How to give talented individuals what they want

We think great talent management is all about differentiating the offer for various groups of talented employees. The best results come from a personalised approach, with tailored employee value propositions (EVPs) for individuals who are your organisation’s main source of competitive advantage. In other words, giving talented individuals what they really want. And this approach delivers results.

By adopting talent segmentation – a more strategic and personalised approach to talent management – your organisation can improve bottom-line performance. Research shows organisations who segment their talent pool, eg by type of talent, and differentiate development for these individuals show greater levels of total shareholder return than organisations that don’t.

The journey to talent segmentation

Talent segmentation is a practical and simple way for you to introduce a greater degree of differentiation into your talent processes. Specifically, it can help you:

  • choose who to focus on (key value-generating talent) and to create definitions for these different populations of talent
  • really understand what the talented individuals within each population want from their relationship with your organisation.
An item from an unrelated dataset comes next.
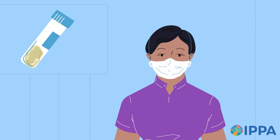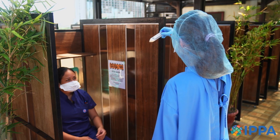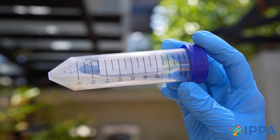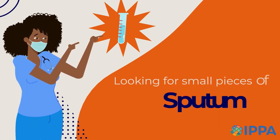Give the specimen container to the technician. The technician will hold the specimen up into the light and inspect the container to identify if they have a proper collection. The technician checks for sputum coming from the bottom of the lungs, looking for small pieces of sputum in the specimen.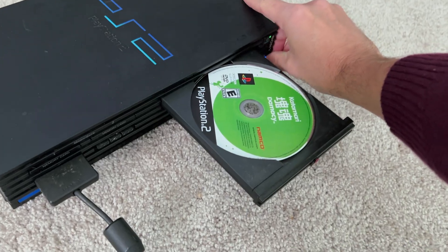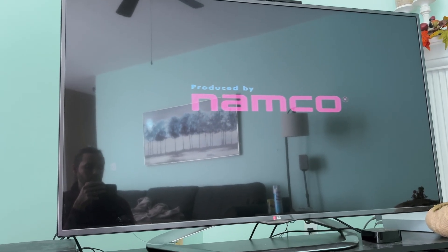I plugged it into a TV and it reads a disc — so this PlayStation 2 is now in good working condition. That's good news for Lou, who sent it in. Thanks again for sending this in, glad I could fix it, hope it works well for you for a long time. And that'll do it for this video — hope you enjoyed it and learned something useful. We'll catch you in the next one.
We break the talent segmentation process into six key steps.

Step 1: Focus

Your talent management processes should be informed by your strategic direction. So your organisation needs to be clear on its source of competitive advantage and what the current market conditions are. Being clear about how you compete as an organisation, eg on service, product or operational excellence, and understanding whether or not your current market conditions are steady, volatile or even game changing, will help you identify the type(s) of talent that will make the most difference to your organisation.

Step 2: Define

Moving away from the assumption that talent is just about leadership, the next step is to look at the type(s) of talent that will enable your organisation to deliver value in the future. This means prioritising the various capabilities the organisation will require. While leadership talent will be needed in all contexts, other types will be specific to your source of competitive advantage and market conditions.

Step 3: Refresh

Having worked out the type of talent that really drives success, develop the processes and tools to identify these individuals among the employee population. Approaches such as the nine-box grid often focus primarily on ‘future leadership talent’ and sideline the important conversations about what’s going to be done to engage and develop the most valued individuals. Taking a differentiated approach to talent management means you consider not just performance and potential, but also who the value generators are and the actions to take with each type of talent.

Step 4: Group

Once you have established your definitions of talent and identified the people who meet the criteria, you should get to know them and find out what they want from their relationship with the organisation. Our research led to us identifying six ‘talent interest groups’, each with shared needs and wants. Identifying the six talent interest groups in your organisation will allow you to get to the root of what talent wants and create a more tailored value proposition.

Step 5: Align

Once individuals are assigned to talent interest groups, the next step is to align the EVP with their interests. For instance, tailoring the compensation, benefits, development and working environment these individuals receive, based on the talent interest groups they’re in. In addition, you’ll need to know the current challenges your talented individuals face and consider the future when you think about the type of experience you want to create for them.

Step 6: Accelerate

We’ve found organisations that have programmes to accelerate the development of talented individuals see a clear return on investment for their efforts – a total shareholder return up to 25% higher than organisations that don’t have such programmes in place.